Спорить со старшим по званию, особенно под пулями, стремно, неудобно и себе дороже, а поэтому чумазые ребята в кожаных шлемах пожелали мне удачи, похватали свои манатки и уехали на втором, до последнего дожидавшемся их однобашенном Т‐26. А я остался прикрывать. Как умел.
Удался прорыв или нет – это большой вопрос. Скорее да, чем нет, но, надо признать, что все получилось не совсем по первоначальному плану. Еще до моего возвращения (которое ими не то чтобы вообще ожидалось, после гигантского пожара в финском тылу окруженные, не без основания, решили, что мы все полегли на хрен) старшина Гремоздюкин и остальное «младшее командирство» развило бурную деятельность, подготовив к выходу все четыре наличных, полугусеничных ГАЗ‐60 (лишь эти машины имели шансы хоть как-то двигаться по снежной целине), причем в кузов одного сумели переставить с ГАЗ-ААА максимовскую счетверенку. Плюс к этому в нужный момент сумели завести оба Т‐26, три Т‐37 и один Т‐38.
Изначально прорыв намечалось начать с наступлением сумерек. Финны поначалу были в ступоре, переходящем в ахер, от устроенного нами пожара на озере (зарево было видно до самого рассвета, а столб густого дыма над лесом в их тылу был виден весь день). Но, к несчастью для нас, они то ли быстро опомнились, то ли пристально наблюдали за всем, что происходило в «котле». И еще засветло начали сильный минометный обстрел, а потом вокруг появилась и их пехота, причем в немалом количестве.
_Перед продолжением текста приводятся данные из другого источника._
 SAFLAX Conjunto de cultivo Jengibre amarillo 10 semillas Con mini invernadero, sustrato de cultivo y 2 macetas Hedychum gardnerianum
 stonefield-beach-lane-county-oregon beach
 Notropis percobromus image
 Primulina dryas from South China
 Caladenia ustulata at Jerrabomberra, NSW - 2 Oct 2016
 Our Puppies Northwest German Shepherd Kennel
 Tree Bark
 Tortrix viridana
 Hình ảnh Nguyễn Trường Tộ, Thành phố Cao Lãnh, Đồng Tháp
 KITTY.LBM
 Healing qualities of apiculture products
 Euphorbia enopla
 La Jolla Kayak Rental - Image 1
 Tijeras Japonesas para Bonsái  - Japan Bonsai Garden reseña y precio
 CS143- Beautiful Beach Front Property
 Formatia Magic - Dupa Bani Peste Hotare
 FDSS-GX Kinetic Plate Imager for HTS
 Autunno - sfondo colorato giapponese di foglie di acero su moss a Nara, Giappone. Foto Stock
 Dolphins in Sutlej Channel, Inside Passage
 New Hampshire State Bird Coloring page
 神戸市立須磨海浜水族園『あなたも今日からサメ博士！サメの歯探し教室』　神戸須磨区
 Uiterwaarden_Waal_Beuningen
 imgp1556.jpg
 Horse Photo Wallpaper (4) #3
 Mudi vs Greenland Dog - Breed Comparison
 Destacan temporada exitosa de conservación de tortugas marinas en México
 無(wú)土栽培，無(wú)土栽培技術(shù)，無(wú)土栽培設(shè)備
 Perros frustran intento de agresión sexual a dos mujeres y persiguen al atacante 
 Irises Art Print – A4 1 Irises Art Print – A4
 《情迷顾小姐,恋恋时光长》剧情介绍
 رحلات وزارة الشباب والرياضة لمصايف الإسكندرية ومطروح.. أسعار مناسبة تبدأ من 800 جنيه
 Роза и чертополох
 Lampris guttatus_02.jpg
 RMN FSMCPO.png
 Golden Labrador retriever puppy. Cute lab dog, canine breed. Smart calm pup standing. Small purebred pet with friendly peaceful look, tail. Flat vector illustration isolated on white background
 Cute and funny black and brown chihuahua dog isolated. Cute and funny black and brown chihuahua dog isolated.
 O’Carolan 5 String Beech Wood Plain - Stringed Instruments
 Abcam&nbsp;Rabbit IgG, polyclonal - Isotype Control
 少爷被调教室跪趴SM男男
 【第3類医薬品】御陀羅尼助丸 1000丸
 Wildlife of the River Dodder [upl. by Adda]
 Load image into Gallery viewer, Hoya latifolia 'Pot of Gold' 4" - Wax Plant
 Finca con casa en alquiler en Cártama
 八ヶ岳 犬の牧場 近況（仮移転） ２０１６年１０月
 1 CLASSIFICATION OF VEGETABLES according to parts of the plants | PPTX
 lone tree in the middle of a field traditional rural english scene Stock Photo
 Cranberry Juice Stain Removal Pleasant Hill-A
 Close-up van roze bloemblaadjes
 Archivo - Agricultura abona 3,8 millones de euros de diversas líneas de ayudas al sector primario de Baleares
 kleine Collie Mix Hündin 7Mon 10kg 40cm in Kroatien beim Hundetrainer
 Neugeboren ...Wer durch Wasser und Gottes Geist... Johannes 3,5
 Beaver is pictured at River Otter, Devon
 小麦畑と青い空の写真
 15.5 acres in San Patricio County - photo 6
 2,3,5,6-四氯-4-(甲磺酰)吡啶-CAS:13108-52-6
Думаю, целая рота, не меньше.
Из-за этого пришлось срочно брать ноги в руки и уходить, посадив в кузова ГАЗ‐60 прежде всего раненых и медиков. Остальным пришлось двигаться как придется, в основном импровизированным десантом на танковой броне. Подорвать или поджечь все оставляемые автомашины и прочее имущество конечно, не удалось. Впрочем, я-то настраивался спасти прежде всего людей (не всех, но хоть кого-то), а часть той матчасти, что мы бросили в «котле», финны сгоряча уничтожили своим, похоже, не совсем уместным, минометным огнем.
Ну а потери – куда же без них. На момент выхода из «котла» на дорогу из 179 человек личного состава, которые значились в списке у Гремоздюкина три дня назад, сразу после моего появления здесь, в живых оставались всего 102 человека.
Дальше, на фоне обмена выстрелами и пулеметным очередями (иногда выпущенными почти в упор) все усугубилось еще больше. Заглох из-за простреленного мотора один ГАЗ‐60, раненых пересадили в оставшиеся на ходу машины, а его пришлось оставить. Потом один Т‐37 финны подожгли брошенной с близкого расстояния зажигательной бутылкой, а Т‐38 чуть позже подбили ручными гранатами. В общем, на момент, когда случилась эта неприятность с двухбашенным Т‐26, к недалекой уже линии фронта ушли три ГАЗ‐60, два Т‐37, один Т‐26 и 89 оставшихся в живых красноармейцев и младших командиров. Ну а дальше вы примерно знаете.
Уходящим танкистам я клятвенно пообещал продержаться до темноты и, в общем, слово свое сдержал. Основная часть финнов сначала, конечно, пошла вдогон за прорывающимися, но потом многие вернулись (что не могло не радовать меня – значит, наши все-таки пробились, и совесть моя чиста). Сколько всего вражин затаилось вокруг, я мог только гадать, поскольку дальность «СНА» была все-таки не беспредельна.